Sun Jun 7 17:57:26 CEST 2009

--On Saturday, June 06, 2009 16:38 -0700 Paul Hoffman
<phoffman at imc.org> wrote:

>...
>> I continue to believe that use of NKFC without exclusion of
>> character groups for which there are no justifications is
> 
> Pete's proposed mapping happens before the
> is-it-valid-IDNA2008 check. Why should we use a modified NFKC
> instead of plain-vanilla-NFKC and let the second step
> (is-it-valid-IDNA2008 check) happen as-is?

My concern is not those NFKC mappings that will result in
invalid (DISALLOWED) characters.   It is 

(1) NFKC mappings of characters that, if used in domain names,
are probably used to cause mischief and for which there is no
substantive justification.   The "Mathematical" characters are
examples of this.  Martin's original list identified others.
Note that, except in specialized systems, these characters are
very difficult to type and ones for which fonts are unlikely to
be present.

(2) NFKC mappings of characters that result in characters in
CONTEXTO or CONTEXTJ.  Unless I missed something in my search,
this is a null set at present.  But I can find no stability rule
that would prevent adding such a character and the same
presentation and ambiguity issues that apply to the listed
CONTEXTx characters would apply to their compatibility
equivalents.

>> (i) A violation of the "inclusion" model of IDNA2008
> 
> Completely agree. However, this whole document is a violation
> of the "no-mapping" model of IDNA2008, so that seems like an
> odd objection.

We are likely to have to agree to disagree about this, but I
believe that "inclusion" and "no mapping" are separate
principles.  The acceptance of mapping in some contexts does not
seem to me to justify, in any way, abandoning "inclusion".  From
that point of view, the argument to abandon inclusion in the
mapping context has to be made separately... and that argument
has not, as far as I can remember, been made yet.

>> (ii) A violation of the closely-related protocol design
>> principle that one should include only those things for which
>> one has both use and understanding because it is easier to add
>> later than it is to remove.
> 
> Implementers of IDNA2008 will understand NFKC as well as
> implementers of IDNA2003.

Which is to say, IMO, not at all.  People understand how to
apply NFKC by invoking an operation or library module, but I
don't believe there is general understanding of NFKC.   As
Martin's note pointed out, NFKC is actually a composite
operation.  For the canonical equivalents processed by NFC/NFD,
there is really only one pair of operations: either composing or
decomposing different representational forms of _the same
character_.   For compatibility equivalents, however, the
characters are not the same, or different forms of the same
thing.  They are different characters which may be equivalent
for some purposes (and not for others).  And there are many
categories of such characters -- width, font, etc. -- with NFKC
and the generic "compatibility" label bypassing those
distinctions.   I suggest that, for IDNs, the distinctions are
important, especially given the inclusion principle, and should
not be lightly discarded because of the way NFKC is defined.

>> (iii) An increased risk, however slight, that we will, in the
>> future, get strong demands from some particular community to
>> treat a character classified by Unicode as "compatibility" as
>> a real and distinct character.  If such a character is
>> disallowed by virtue of not being mapped, we will have the
>> difficult problem of changing a disallowed character to a
>> PVALID one.
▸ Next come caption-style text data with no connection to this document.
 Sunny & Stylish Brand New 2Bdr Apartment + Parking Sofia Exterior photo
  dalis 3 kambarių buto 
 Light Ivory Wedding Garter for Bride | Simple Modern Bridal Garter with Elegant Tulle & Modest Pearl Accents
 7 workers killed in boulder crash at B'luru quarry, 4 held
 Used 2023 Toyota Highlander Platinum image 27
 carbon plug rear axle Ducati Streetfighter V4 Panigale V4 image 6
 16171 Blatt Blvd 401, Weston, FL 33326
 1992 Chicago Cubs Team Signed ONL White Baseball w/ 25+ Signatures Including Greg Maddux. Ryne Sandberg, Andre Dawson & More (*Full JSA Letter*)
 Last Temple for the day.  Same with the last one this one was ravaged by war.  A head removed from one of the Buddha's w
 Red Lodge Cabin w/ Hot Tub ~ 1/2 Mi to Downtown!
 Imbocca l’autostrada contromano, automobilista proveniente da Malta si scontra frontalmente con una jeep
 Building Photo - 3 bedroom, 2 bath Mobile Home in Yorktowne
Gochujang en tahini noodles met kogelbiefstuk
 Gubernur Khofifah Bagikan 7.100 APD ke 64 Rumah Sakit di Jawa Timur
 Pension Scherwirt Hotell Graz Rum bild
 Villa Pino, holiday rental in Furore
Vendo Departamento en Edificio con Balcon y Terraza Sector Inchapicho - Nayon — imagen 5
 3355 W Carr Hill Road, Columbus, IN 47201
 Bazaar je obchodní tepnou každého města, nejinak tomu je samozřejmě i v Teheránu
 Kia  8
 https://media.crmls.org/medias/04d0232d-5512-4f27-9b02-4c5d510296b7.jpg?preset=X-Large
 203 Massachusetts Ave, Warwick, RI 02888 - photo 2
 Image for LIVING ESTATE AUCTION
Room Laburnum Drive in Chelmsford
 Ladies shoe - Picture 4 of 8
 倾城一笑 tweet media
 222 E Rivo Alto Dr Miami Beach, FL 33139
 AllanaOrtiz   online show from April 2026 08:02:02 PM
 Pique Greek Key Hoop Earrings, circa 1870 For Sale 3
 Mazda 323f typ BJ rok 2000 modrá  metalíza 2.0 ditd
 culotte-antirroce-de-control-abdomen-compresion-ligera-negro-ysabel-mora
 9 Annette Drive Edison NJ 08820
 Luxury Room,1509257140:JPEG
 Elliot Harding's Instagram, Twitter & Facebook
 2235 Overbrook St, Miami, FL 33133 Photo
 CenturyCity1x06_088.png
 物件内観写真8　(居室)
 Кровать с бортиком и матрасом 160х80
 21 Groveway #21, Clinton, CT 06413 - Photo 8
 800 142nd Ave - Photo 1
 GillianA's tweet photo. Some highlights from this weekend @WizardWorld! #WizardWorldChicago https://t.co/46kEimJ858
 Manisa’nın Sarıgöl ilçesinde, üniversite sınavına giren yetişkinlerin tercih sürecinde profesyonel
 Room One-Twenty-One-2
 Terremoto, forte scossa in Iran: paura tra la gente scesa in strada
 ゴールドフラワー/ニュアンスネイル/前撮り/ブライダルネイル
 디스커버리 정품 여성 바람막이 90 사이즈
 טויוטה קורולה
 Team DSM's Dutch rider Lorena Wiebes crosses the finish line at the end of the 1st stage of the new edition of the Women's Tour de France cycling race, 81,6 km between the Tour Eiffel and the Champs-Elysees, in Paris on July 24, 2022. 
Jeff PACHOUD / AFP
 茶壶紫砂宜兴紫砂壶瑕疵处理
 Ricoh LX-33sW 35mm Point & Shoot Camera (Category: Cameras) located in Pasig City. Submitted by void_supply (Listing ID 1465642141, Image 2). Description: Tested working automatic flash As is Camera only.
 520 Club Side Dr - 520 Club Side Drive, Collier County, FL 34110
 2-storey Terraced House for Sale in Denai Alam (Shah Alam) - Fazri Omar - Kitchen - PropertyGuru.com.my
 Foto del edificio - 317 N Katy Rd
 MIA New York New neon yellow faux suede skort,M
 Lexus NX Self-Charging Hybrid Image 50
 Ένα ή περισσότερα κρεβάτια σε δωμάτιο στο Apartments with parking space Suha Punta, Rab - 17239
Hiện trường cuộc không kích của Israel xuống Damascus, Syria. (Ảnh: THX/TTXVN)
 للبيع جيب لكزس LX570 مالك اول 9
But, if it is mapped to something else, we will
>> have to revisit the very complex discussions that we have had
>> over Eszett and Final Sigma.  We should not incur that risk
>> unless there is a reason to do so.
> 
> There is: increased (but, of course, not full) backwards
> compatibility with the large installed base of IDNA2003.

We've seen no evidence that any of these other categories of
compatibility characters are used --other than in possible
demonstrations or out of malice-- in IDNA2003-compatible
applications, much less enough to constitute a large installed
base.   In this context, the problem with Eszett and Final Sigma
is quite independent of how and whether they are used and
important.  It is that we have no way to know definitively by
looking a registered labels in zones, whether those characters
were intended or whether what they mapped to was.   If we see
"ss" in a zone, we don't know whether it started out Eszett or
as "ss" (we may be able to apply heuristics and make guesses in
some cases, but not always).  That gives the registries problems
--discussed at great length on this list-- if a later decision
is made to treat the original characters as separate.  While
both Eszett and Final Sigma are issues due to Case Folding
rather than Compatibility characters, I believe that similar
problems can be avoided by mapping what we conclude that we need
to map, i.e., by avoiding assuming that, because IDNA2003
effectively applied NFKC and is widely deployed, every NFKC
mapping is widely deployed and must be preserved for
backward-compatibility reasons.

YMMD.

      john